___ SUPPLIED DATA

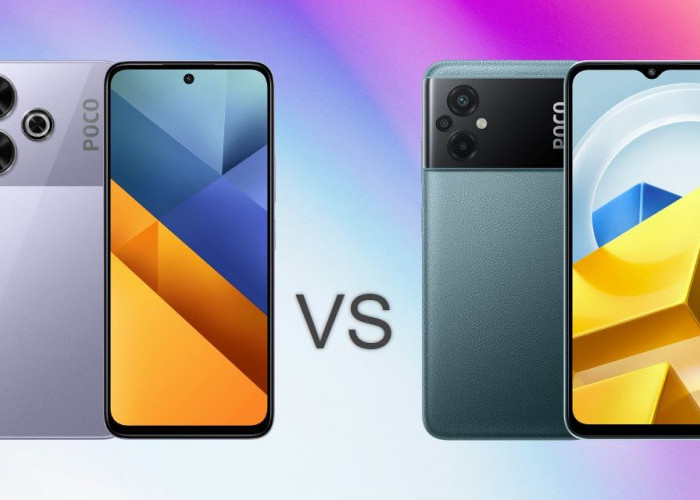 POCO M5 Vs POCO M6, Berikut Perbandingan Spesifikasi dan Harga Terbarunya   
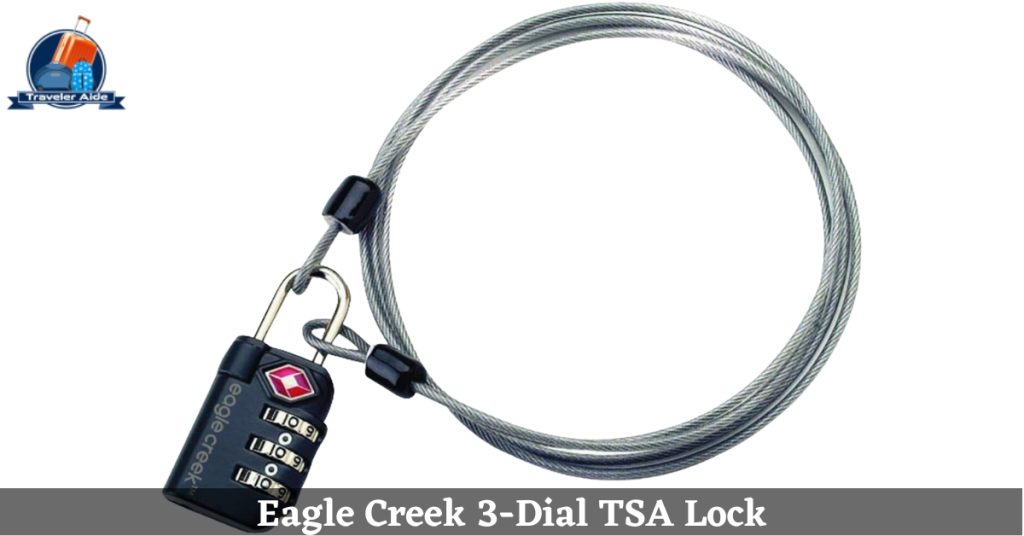 Eagle Creek 3 Dial TSA Lock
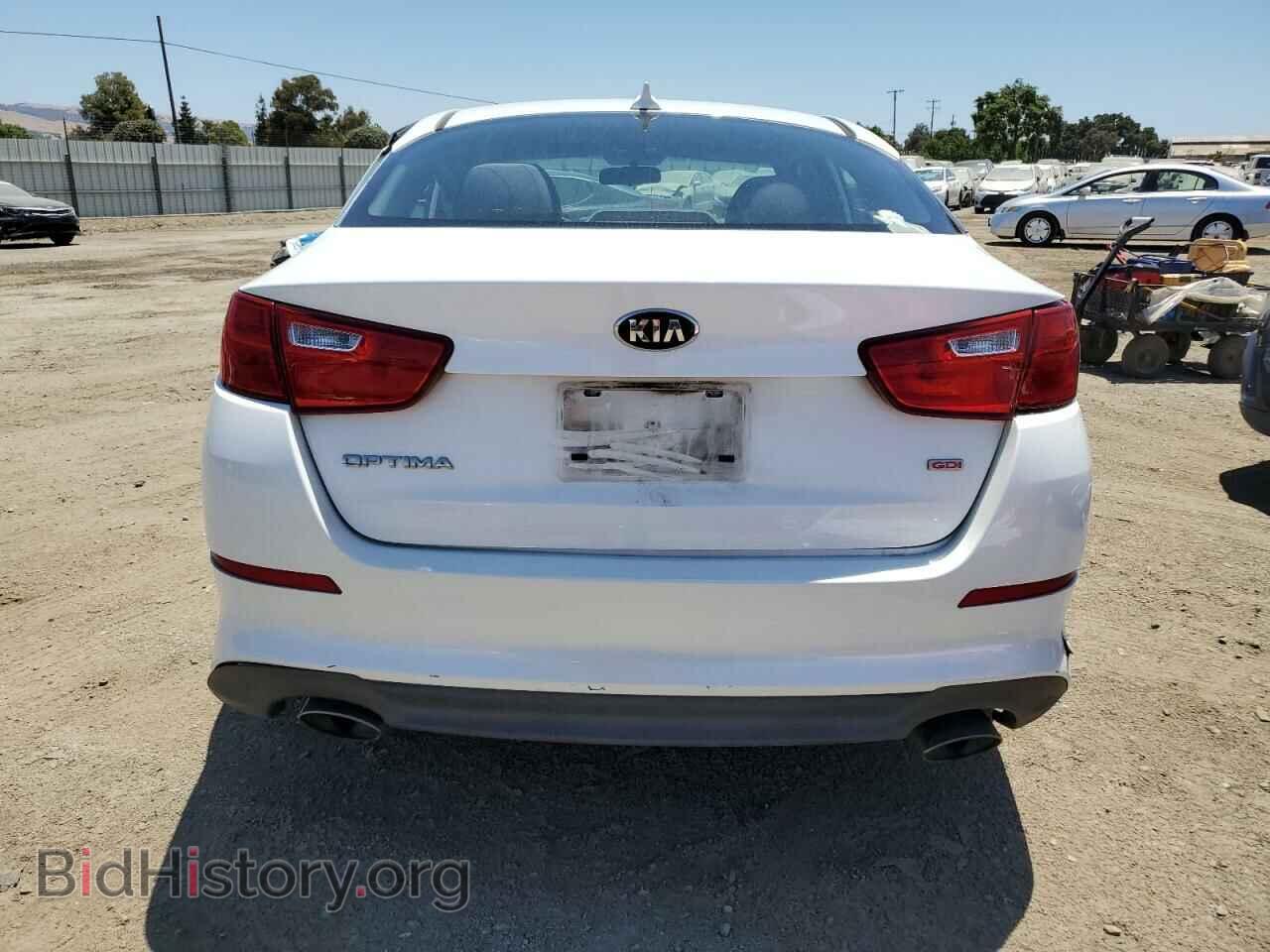 2015 KIA OPTIMA - VIN: KNAGM4A71F5645089 - Фото 6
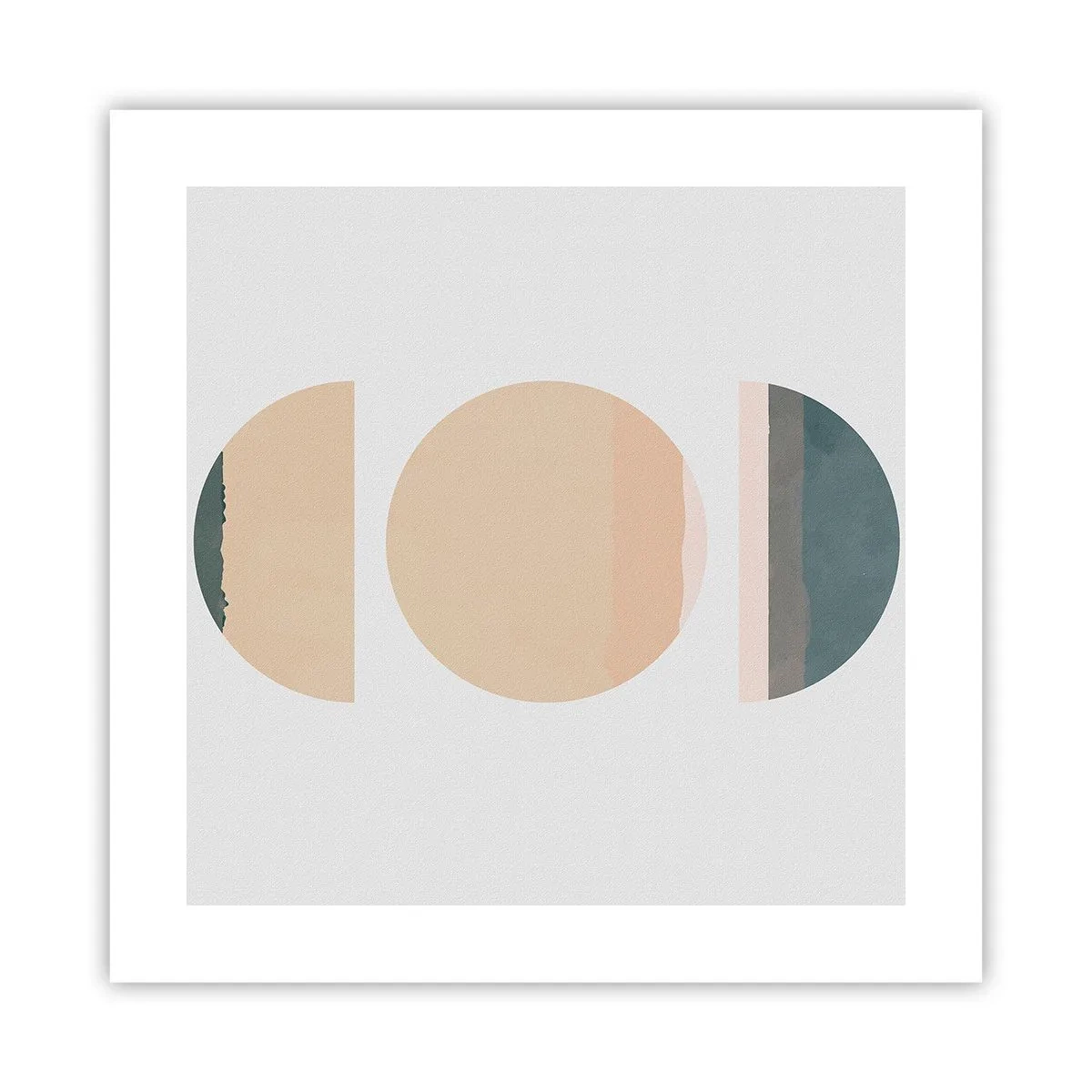 Poster - Ein Rad hinter dem anderen… - 40x40 cm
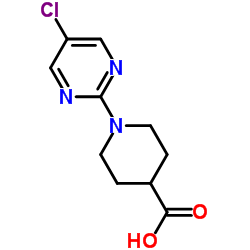 1-(5-Chloro-2-pyrimidinyl)-4-piperidinecarboxylic acid图片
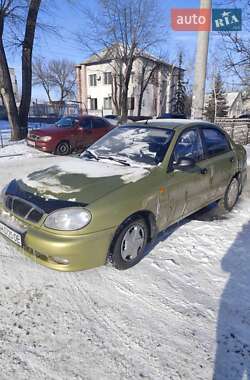 Седан Daewoo Lanos 2007 в Горишних Плавнях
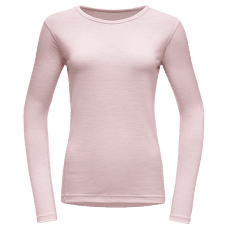 T-shirt a manches longues Devold Breeze Shirt Women (180 286) 150A CHALK PINK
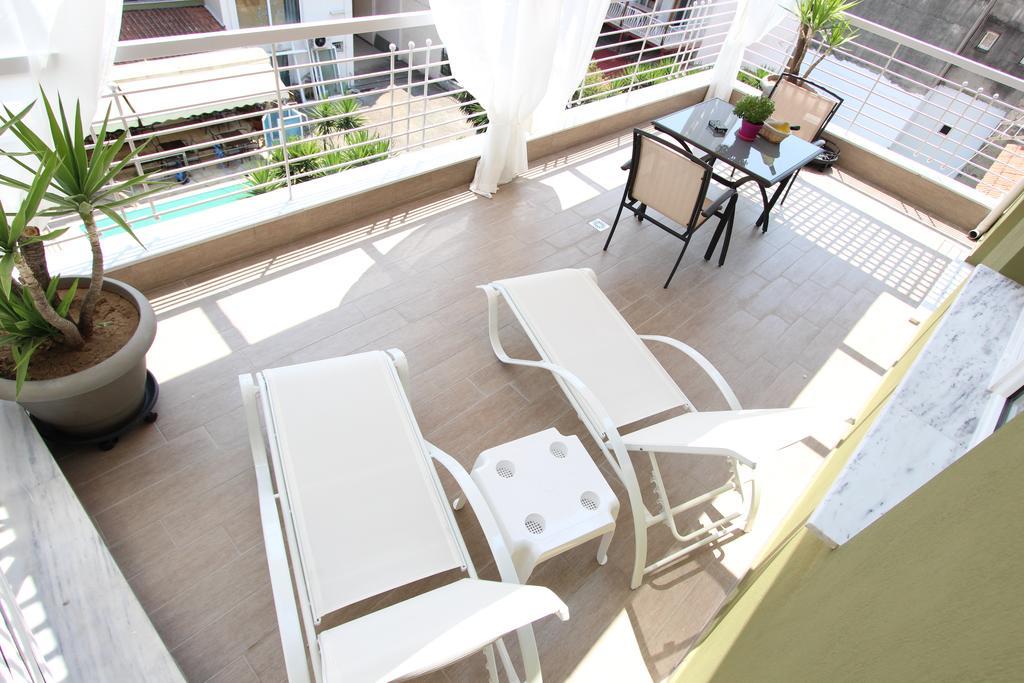 Hotel Mallas Nea Kallikrateia 外观 照片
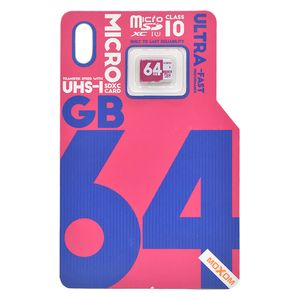  Moxom - 64GB - SD Card - Pink 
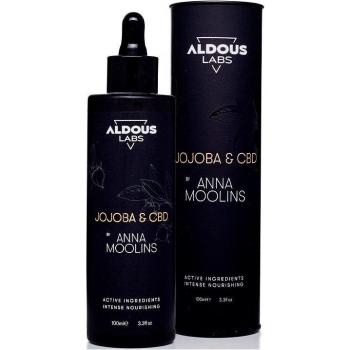 Aceite de Jojoba 100% Puro Enriquecido con CBD de Aldous Labs
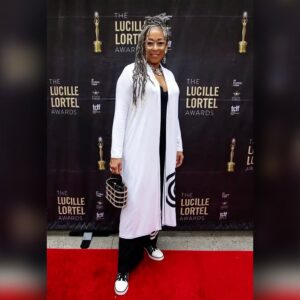 Tamara Tunie Instagram - This past Sunday we celebrated nominees and winners of #TheLucilleLortelAwards in splendid fashion! It was an honor to be one of the hosts for the evening alongside @crystallucasperry. ✨#LucilleLortel #LucilleLortelAwards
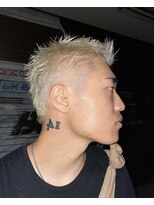 バイマイサイド(BY MY SIDE)&nbsp;ハイトーンスパイキーショート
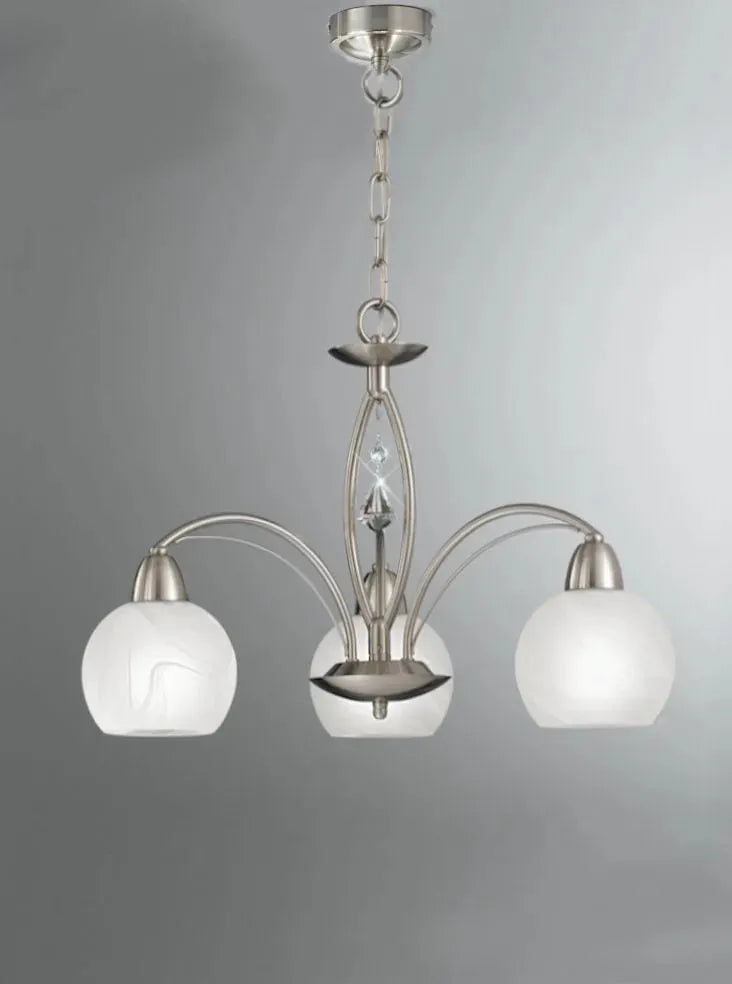 Franklite - FL2277/3 - Pendant / Flush Conversion
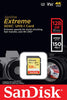 SANDISK SDSDXV5-128G-GNCIN SDXC Extreme CL10 V30 UHS-I/U3 150MB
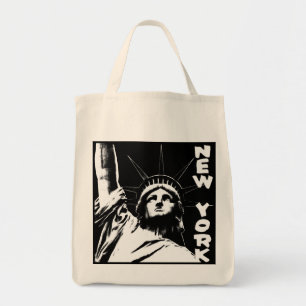 Den New York souvenirtotot hänger lös Tygkasse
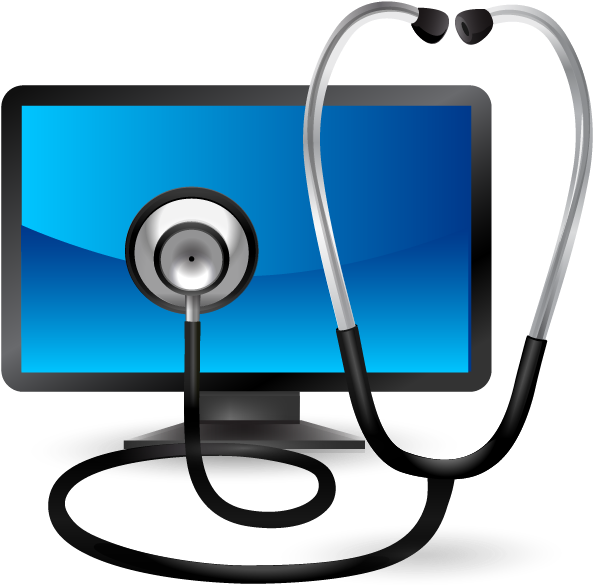 Call Your Local Computer Repair Greenacres Store Today - Maintenance Pc Logo Png (650x650)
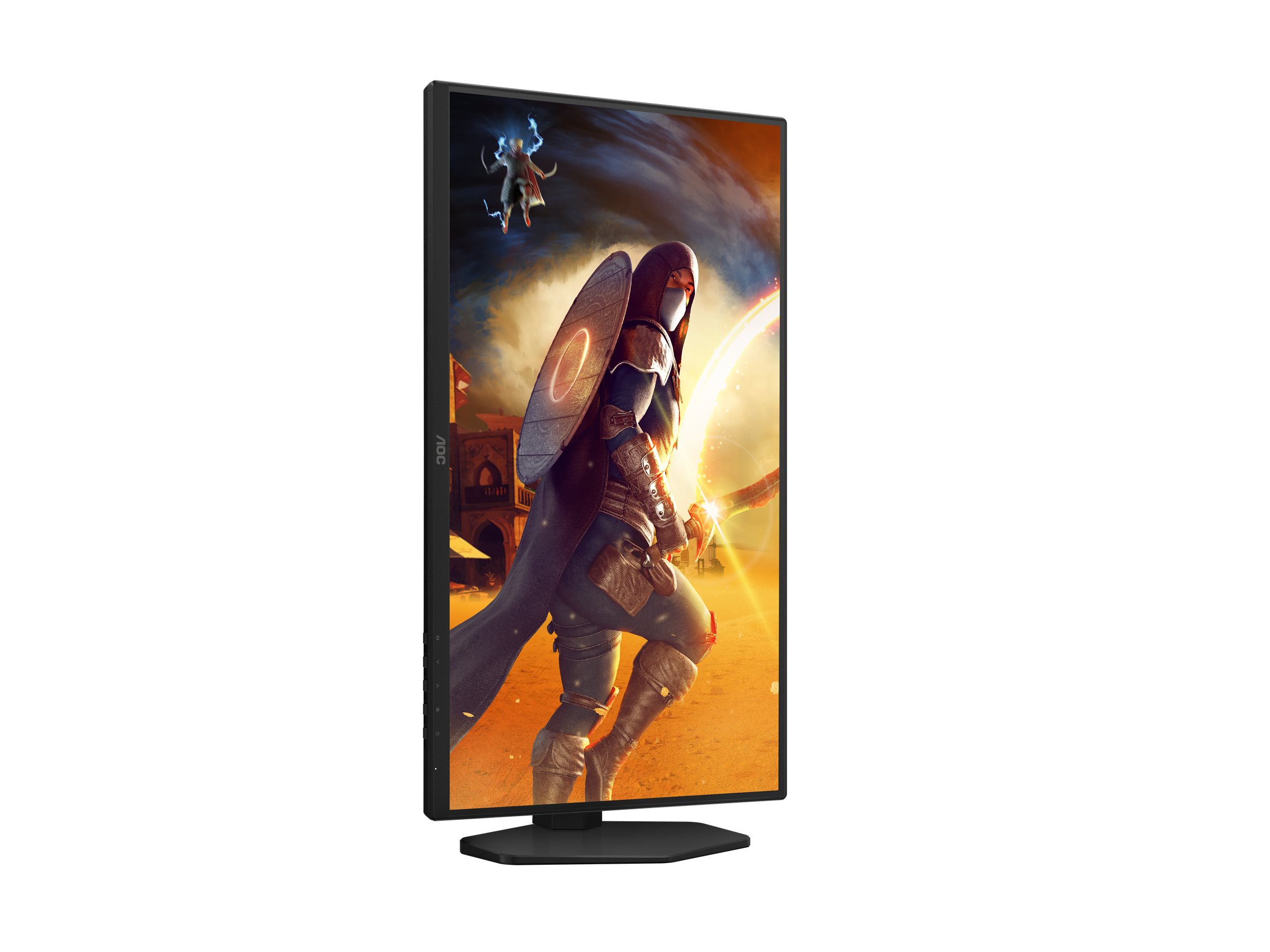 AOC Gaming 25G4SXU - LED-Monitor - Gaming - 63.5 cm (25")(24.5" sichtbar) - 1920 x 1080 Full HD (1080p) @ 310 Hz - Fast IPS - 400 cd/m² - 1000:1 - DisplayHDR 400 - 0.3 ms - 2xHDMI - DisplayPort - Grau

______

DIRECTIONS:
Give again, word for word, the lines above from the first one through the one containing "1-(5-Chloro-2-pyrimi"; no pictures.

SOLVED PROBLEM:
 POCO M5 Vs POCO M6, Berikut Perbandingan Spesifikasi dan Harga Terbarunya   
 Eagle Creek 3 Dial TSA Lock
 2015 KIA OPTIMA - VIN: KNAGM4A71F5645089 - Фото 6
 Poster - Ein Rad hinter dem anderen… - 40x40 cm
 1-(5-Chloro-2-pyrimidinyl)-4-piperidinecarboxylic acid图片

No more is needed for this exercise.